Whatever Syria’s future may hold, it will not include participation in the 2014 FIFA World Cup after the national team was disqualified for fielding an ineligible player.

US Defense Secretary Leon Panetta told reporters Iraq had “finally” agreed to extend the presence of US troops in a “noncombat” role beyond the end of the year: “My view is that they finally did say, ‘Yes.’ ” But the Iraqis see things differently: “We have not yet agreed on the issue of keeping training forces,” an advisor to Iraqi Prime Minister Nuri al-Maliki told Agence France Presse. “The negotiations are ongoing, and these negotiations have not been finalised.” A Pentagon spokesman subsequently said what Panetta had actually meant was “the Iraqis have said yes to discussions about the strategic relationship beyond 2011.”

Just Foreign Policy’s Robert Naiman argues that if the US government wants to reduce its debt, it should start by pulling all its troops out of Iraq by the end of the year “like we promised in the signed agreement between the two governments.” As for the evolving role of the US military in Iraq, Naiman says “these ‘trainers’ engage in combat: they kill Iraqis, and they get killed by Iraqis.” Earlier this month, US Representative Barbara Lee introduced the Iraq Troop Withdrawal Accountability Act which would “prohibit funding for any extension of the December 31, 2011 deadline to remove all U.S. troops and military contractors from Iraq.”

Thailand’s Department of Special Investigation is filing charges against US tobacco giant Philip Morris for allegedly evading $2.3 billion in taxes. Earlier this year, public prosecutors had decided not to proceed with charges. The country’s attorney general will now make the final decision. The company said in a statement it was “disappointed” by this latest development and pointed to a recent World Trade Organization ruling to support its position.

To mark the fifth anniversary of Trafigura’s dumping of toxic waste in Abidjan, Amnesty International is calling on Cote d’Ivoire’s government to distribute the compensation coughed up by the oil company: “Trafigura has paid US$260 million in a number of payouts but much of the money remains unaccounted for and thousands of victims have not received anything,” the human rights NGO said in a press release. The incident left 15 people dead and over 100,000 needing medical attention.
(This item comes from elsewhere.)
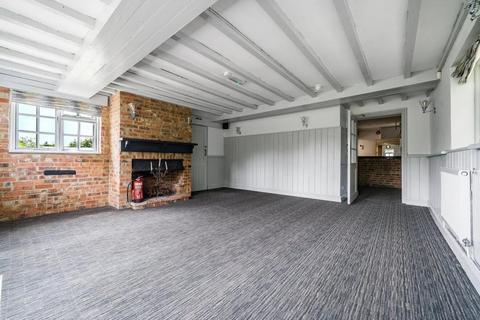 Retail property (high street) for sale, Brimpton Common Reading RG7 4RN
Given these figures, Trafigura has paid an average of $2,600 per victim, though its payouts also include the cleanup costs.

UN Secretary General Ban Ki-moon has submitted to the General Assembly his annual report on the work of the United Nations, in which he claims regarding his first term at the organization’s helm: “We have confronted head-on the key global challenges of our generation: addressing climate change and global health; breaking the deadlock on disarmament, arms control and non-proliferation; and mobilizing action against terrorism.”

Gerald Caplan writes in the Globe and Mail that he thinks he knows the motives of prominent “Muslim-haters” but does not understand how they obtain the media coverage necessary to become prominent in the first place: “But what’s the interest of certain media in enabling these haters to spread their gospel, to fan the flames of intolerance? What audience are they after? What do they expect their audiences to make of all this sympathetic exposure to rabid anti-Muslim feelings? Why are they inciting ordinary people to hate other ordinary people? Why?”